WHAT NEEDS TO BE DONE →
Using the entries that follow, transcribe only the lines from the line with "Mantova, butta a" to the line with "506 Hampden Road", both included, exactly as they stand and without pictures.

DATA TO USE →
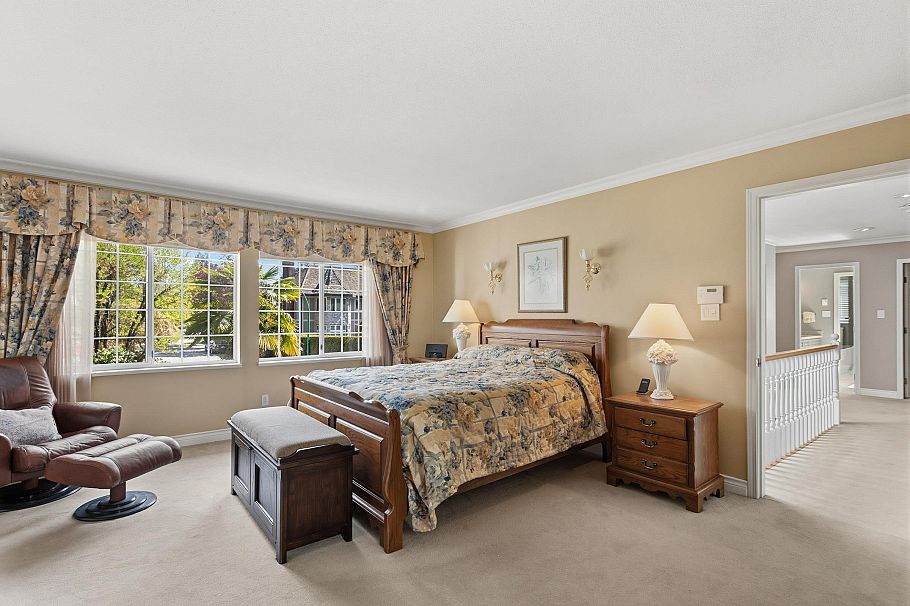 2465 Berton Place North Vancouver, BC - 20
* * *
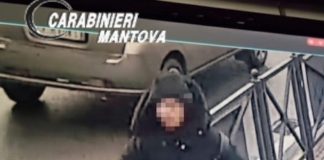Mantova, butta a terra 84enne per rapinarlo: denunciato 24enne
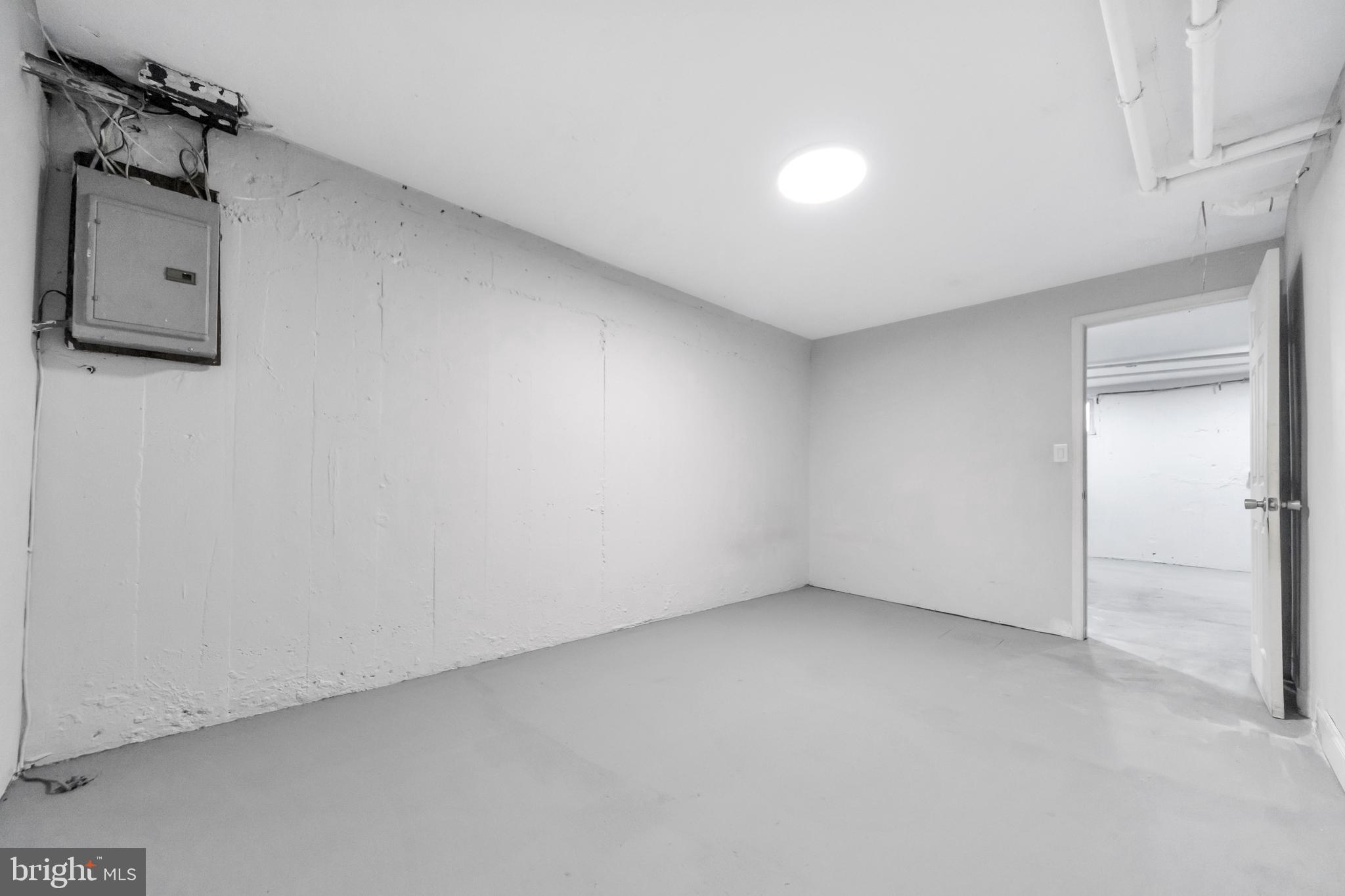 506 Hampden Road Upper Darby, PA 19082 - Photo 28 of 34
==
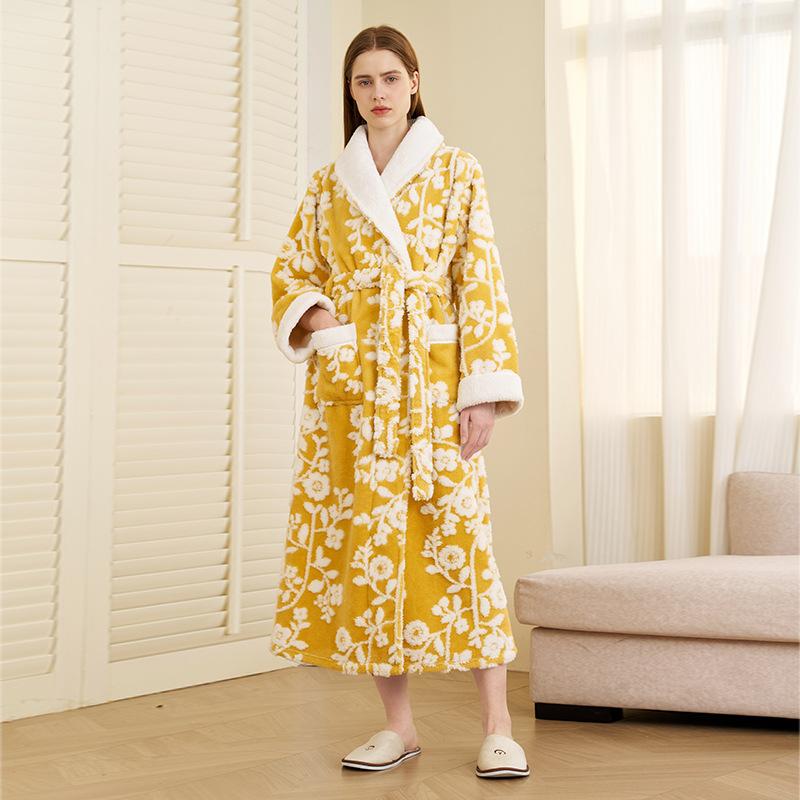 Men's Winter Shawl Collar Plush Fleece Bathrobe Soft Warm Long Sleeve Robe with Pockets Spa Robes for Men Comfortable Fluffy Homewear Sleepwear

SOLUTION FOR THIS PROBLEM →
Mantova, butta a terra 84enne per rapinarlo: denunciato 24enne
 506 Hampden Road Upper Darby, PA 19082 - Photo 28 of 34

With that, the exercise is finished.